The two were busted after
taking R1000 from the mert, after blackmailing him by planting drugs in his garden.
Constables Ryan Hopkins and Malibongwe Ndzendze were sentenced to six years behind bars of which three were suspended for five years at the Bellville Commercial Crime Court this week.
In 2015, while the two officers were on duty, they went to the mert’s house in Eastridge while he was out.
His wife called him to say two cops were searching for drugs and apparently found several pakkies of tik buried in the garden.
The cops waited for him to come home and Ndzendze told him that “they needed to speak”.
They then shoved him into the back of a police van and told him to “call his people and sort them out”.
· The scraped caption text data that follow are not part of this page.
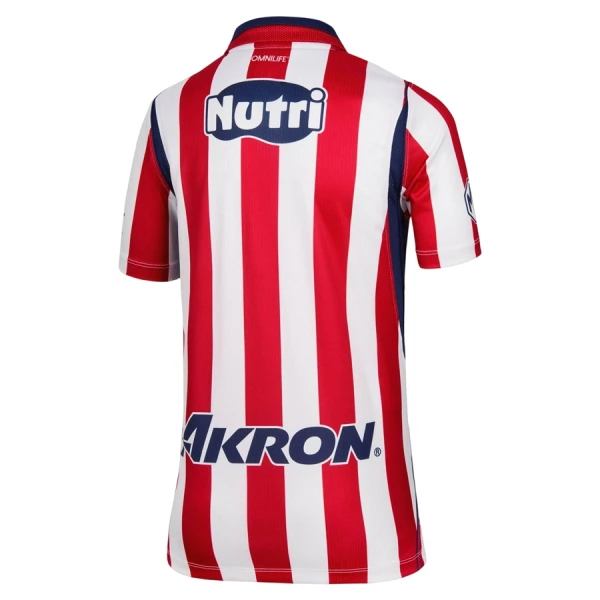Camiseta CD Guadalajara Hombre 1ª Equipación 26/27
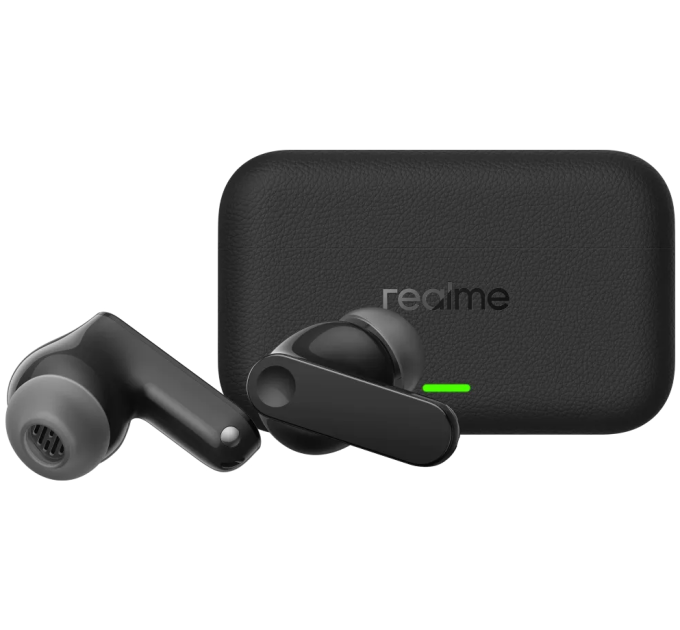 realme Гарнітура Realme T500 Pro (RMA2502) Black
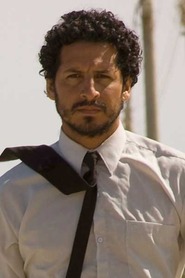 Cristian Mercado
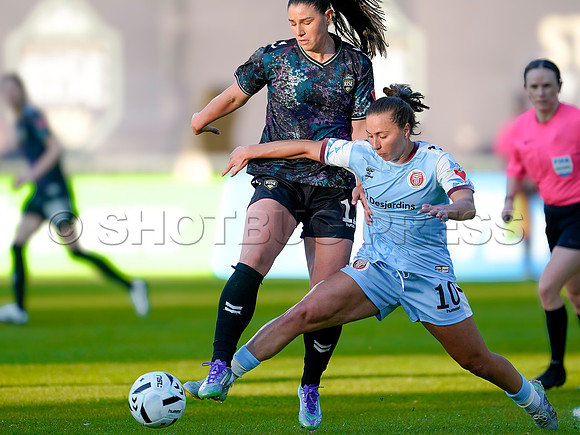 Wes Shaw Shotbug Press-AFC Toronto at Vancouver Rise FC-20260424-67823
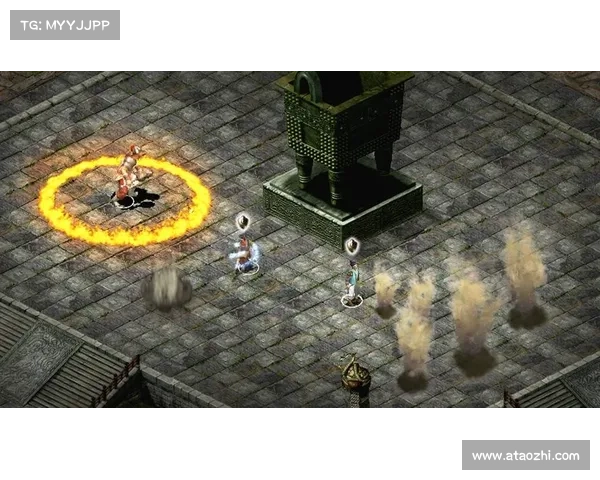 秦殇：升级打造术士装备的奇才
But, instead, the mert called Lentegeur SAPS and piemped the dirty cops to Captain Nadine Britz.
The vuil cops drove with the drug dealer to the Liberty Promenade Mall in Mitchells Plain.
SCENE: Cops accepted R1000 from dealer. Picture illistration
They were arrested with the bribe money in their possession, says Eric Ntabazalila, spokesman for the National Prosecuting Authority.
“Advocate Derick Vogel told the court that they stopped at the Promenade Mall parking and asked the dealer if he phoned his people.
“He offered them R500, but Hopkins shook his head.
“They were then offered R1000, which the accused had at his house.
MANG: Ryan Hopkins bribed mert in M.Plain
“He gave them the money and then phoned Warrant Officer Britz again and informed her of what had happened.
“Three other officers confronted the two accused about the allegations against them and asked them to empty their pockets.
“Ndzendze had a roll of money in his pocket, which he claimed was given to him by his wife.
“Suddenly Hopkins remembered the money was supposed to have been booked with the drugs they claim they found abandoned on the street.”
Ntabazalila says they welcome the conviction of the corrupt cops.
“The NPA welcomes the sentence as it sends an unambiguous message on its position on corruption.”